Karen Mills was a creature of Manhattan. She saw her children off to private schools, burned up Wall Street buying businesses and raised hundreds of millions of dollars in venture capital as the cofounder of a private-equity fund. Then, in 2001, her husband, Barry, a partner in a law firm, was offered the presidency of Bowdoin College in Brunswick, Maine—population 14,816. “I’d love to do it,” he told her.
Fair enough. Mills supported his dream but also clung to her own, reverse commuting to her job in New York. “There are 10 flights a day,” she says, with the certitude born of having taken most of them.
But Maine began tugging at Mills. Shortly after the couple and their three sons moved into the college’s 1806 Federal-style president’s house, the naval air station in Brunswick was scheduled for closure. Then-Governor John Baldacci asked Mills for help in keeping the local economy from collapsing.
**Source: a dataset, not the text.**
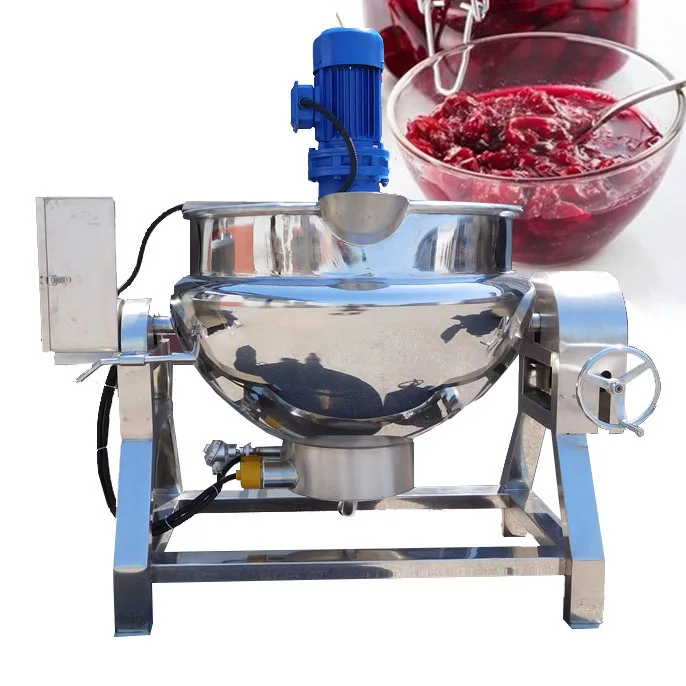 

Industrial Stirrer Mixing Pot Stirring Double Layer Stir Pot Paste Sauce Jam Steam Electric Heating Jacketed Kettle with Mixer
Mills suggested developing “clusters,” geographic concentrations of interconnected businesses. Two such clusters—boat building and specialty foods— proved especially successful. The plan clicked for Brunswick, and the town clicked for Mills. “This is a place of extraordinary values,” she says now. “Raising a family here has been a gift.”
Mills’s success both on Wall Street and in the Pine Tree State brought her to the attention of the Obama transition-team staffers. After the 2008 election, they approached her about heading the Small Business Administration (SBA).
“I hadn’t had a job interview in 25 years,” Mills recalls. “So I asked, ‘Who is going to be in the room?’ ”
“The president-elect,” a liaison answered.
Mills aced the 40-minute interview, outlining her position that the top priority of the SBA had to be getting capital into the hands of entrepreneurs. (The Recovery and Reinvestment Act of 2009 is expected to inject $840 billion into the economy.) But she did make one misstep at the news conference announcing her appointment: She wore her standard New York black suit. “Here’s a tip,” she says. “In Washington, people wear color.”
Mills also has advice for multitaskers: Carry three cell phones, especially if you work for an organization with a history of receiving subpoenas. “I am very careful to do only government work on my government phone,” she says. “Then I have an iPhone, my personal phone. Then I keep an old Motorola flip phone for talking on while I look at one of the other two devices.”